Pero esta ambigüedad la encontramos en otros términos que también se emplean en los procesos del proyecto (y en pedagogía): describir e inventar. Describir es a la vez hacer el inventario (el geógrafo y el naturalista describen el mundo) y construir dibujando (la geometría). Inventar es a la vez encontrar lo que ya estaba allí (el arqueólogo inventa la pieza que desentierra) y formular algo nuevo (una idea o un objeto).

El proyecto de paisaje sería, entonces, el siguiente: crear algo que ya estaba allí. La situación intelectual del paisajista es paradójica. Hay que construir para ver lo que hay allí, para descubrir lo que hay allí, hay que trazar para saber lo que se quiere y lo que se quiere dibujar. Dicho de otro modo, el proyecto inventa un territorio representándolo y describiéndolo. Pero esta invención, hay que insistir en ello, es de una naturaleza particular, pues lo que se inventa ya está al mismo tiempo presente en el territorio, aunque como no visto y no conocido hasta entonces. La invención revela lo que ya estaba allí, pero al hacer esto desvela un nuevo plan de la realidad. De modo simétrico, esta realidad no se hubiera visto si no se hubiera dibujado y pensado. Como si la inteligencia humana viniera a insertarse en el movimiento del mundo para subrayar sus elementos y volver a tender los lazos entre esos elementos, como si, en el fondo, la inteligencia humana participara en la creación del mundo. Pues, si la invención es descriptiva, simétricamente, la descripción es inventiva. La invención es la atención escrupulosa a las señales que hay en el paisaje y que se esfuerza en tejer lazos entre estas señales y en captar en ellas una forma.

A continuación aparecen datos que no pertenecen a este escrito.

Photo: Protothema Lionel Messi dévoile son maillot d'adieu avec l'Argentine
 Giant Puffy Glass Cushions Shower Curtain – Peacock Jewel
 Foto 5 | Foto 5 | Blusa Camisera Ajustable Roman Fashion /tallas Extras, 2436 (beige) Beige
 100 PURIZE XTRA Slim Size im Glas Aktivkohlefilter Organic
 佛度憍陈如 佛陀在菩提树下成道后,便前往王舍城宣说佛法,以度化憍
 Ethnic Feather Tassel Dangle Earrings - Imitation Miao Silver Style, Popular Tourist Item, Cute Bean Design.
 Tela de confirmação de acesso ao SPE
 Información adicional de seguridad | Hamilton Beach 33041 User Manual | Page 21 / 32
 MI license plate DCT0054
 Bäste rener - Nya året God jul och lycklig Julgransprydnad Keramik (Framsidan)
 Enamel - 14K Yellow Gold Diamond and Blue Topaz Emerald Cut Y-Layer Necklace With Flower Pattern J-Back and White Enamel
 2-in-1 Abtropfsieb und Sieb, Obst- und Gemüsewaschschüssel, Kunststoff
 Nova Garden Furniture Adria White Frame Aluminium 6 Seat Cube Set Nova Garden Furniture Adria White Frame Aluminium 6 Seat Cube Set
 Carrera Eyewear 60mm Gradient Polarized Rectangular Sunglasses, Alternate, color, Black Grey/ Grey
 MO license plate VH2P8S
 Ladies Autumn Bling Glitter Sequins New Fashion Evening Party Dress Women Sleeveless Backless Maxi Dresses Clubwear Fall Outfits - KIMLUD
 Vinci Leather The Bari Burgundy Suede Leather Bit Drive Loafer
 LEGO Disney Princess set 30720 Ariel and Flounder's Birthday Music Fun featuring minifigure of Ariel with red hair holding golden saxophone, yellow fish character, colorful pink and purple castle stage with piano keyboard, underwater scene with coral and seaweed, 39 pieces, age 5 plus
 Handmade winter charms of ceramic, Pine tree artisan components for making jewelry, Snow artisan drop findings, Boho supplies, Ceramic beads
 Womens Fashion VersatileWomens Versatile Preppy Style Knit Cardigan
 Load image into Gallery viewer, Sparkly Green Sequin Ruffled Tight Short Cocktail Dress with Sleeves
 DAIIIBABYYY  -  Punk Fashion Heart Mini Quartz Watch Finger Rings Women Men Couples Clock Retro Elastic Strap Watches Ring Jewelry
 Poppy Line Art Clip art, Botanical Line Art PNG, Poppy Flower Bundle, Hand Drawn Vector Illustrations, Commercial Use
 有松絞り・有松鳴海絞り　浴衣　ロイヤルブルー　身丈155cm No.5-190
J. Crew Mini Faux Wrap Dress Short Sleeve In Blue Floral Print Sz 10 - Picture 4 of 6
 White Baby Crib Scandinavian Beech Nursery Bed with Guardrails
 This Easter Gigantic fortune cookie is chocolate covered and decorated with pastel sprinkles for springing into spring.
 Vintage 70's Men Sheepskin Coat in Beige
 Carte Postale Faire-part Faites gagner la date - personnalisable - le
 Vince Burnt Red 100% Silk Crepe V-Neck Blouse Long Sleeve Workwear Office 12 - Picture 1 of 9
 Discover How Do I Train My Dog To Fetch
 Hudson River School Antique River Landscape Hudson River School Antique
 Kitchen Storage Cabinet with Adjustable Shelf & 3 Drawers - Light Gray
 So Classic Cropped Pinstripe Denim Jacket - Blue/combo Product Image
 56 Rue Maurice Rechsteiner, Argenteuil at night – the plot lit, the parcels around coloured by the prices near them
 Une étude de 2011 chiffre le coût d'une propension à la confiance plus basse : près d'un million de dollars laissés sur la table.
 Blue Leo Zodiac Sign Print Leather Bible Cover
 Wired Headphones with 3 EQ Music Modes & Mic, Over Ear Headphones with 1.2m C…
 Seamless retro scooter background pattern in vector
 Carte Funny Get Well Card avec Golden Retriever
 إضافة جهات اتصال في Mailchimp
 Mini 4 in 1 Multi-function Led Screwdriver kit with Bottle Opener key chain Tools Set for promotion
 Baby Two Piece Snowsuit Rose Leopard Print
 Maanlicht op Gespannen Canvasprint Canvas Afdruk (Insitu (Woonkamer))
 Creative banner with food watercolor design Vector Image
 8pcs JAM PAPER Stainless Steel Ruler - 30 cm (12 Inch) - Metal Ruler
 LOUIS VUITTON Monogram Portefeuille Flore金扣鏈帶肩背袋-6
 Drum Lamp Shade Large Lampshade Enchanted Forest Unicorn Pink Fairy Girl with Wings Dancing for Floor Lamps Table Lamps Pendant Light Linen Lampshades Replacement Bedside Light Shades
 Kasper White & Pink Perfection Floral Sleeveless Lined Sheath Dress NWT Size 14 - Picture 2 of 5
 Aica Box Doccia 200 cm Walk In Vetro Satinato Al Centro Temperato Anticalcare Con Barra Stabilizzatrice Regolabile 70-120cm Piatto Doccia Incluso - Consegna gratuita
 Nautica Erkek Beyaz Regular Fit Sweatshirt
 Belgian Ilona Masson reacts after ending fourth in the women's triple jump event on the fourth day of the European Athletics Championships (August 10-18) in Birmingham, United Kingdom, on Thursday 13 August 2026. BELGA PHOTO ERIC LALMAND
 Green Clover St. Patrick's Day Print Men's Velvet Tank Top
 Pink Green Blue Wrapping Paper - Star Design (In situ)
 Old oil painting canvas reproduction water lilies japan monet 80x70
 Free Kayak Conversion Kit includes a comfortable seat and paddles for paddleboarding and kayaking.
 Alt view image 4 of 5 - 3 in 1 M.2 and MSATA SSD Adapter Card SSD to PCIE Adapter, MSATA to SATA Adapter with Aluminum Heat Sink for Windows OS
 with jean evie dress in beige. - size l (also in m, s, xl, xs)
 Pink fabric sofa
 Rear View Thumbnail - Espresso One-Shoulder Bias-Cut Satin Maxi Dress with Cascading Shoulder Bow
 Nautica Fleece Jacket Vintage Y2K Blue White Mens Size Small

En realidad, me parece que uno de los motivos esenciales de lo que se ha convenido en llamar el “proyecto de paisaje” está contenido en la idea de un “pensamiento latente” que residiría detrás de las señales y las formas visibles, en esa especie de ola que se desarrolla por toda la extensión y le confiere, por decirlo así, un sentido. El proyecto sería la cartografía de esta ola invisible, de este “centro virtual” de los movimientos del espacio. Es esta danza del espacio lo que habría que captar.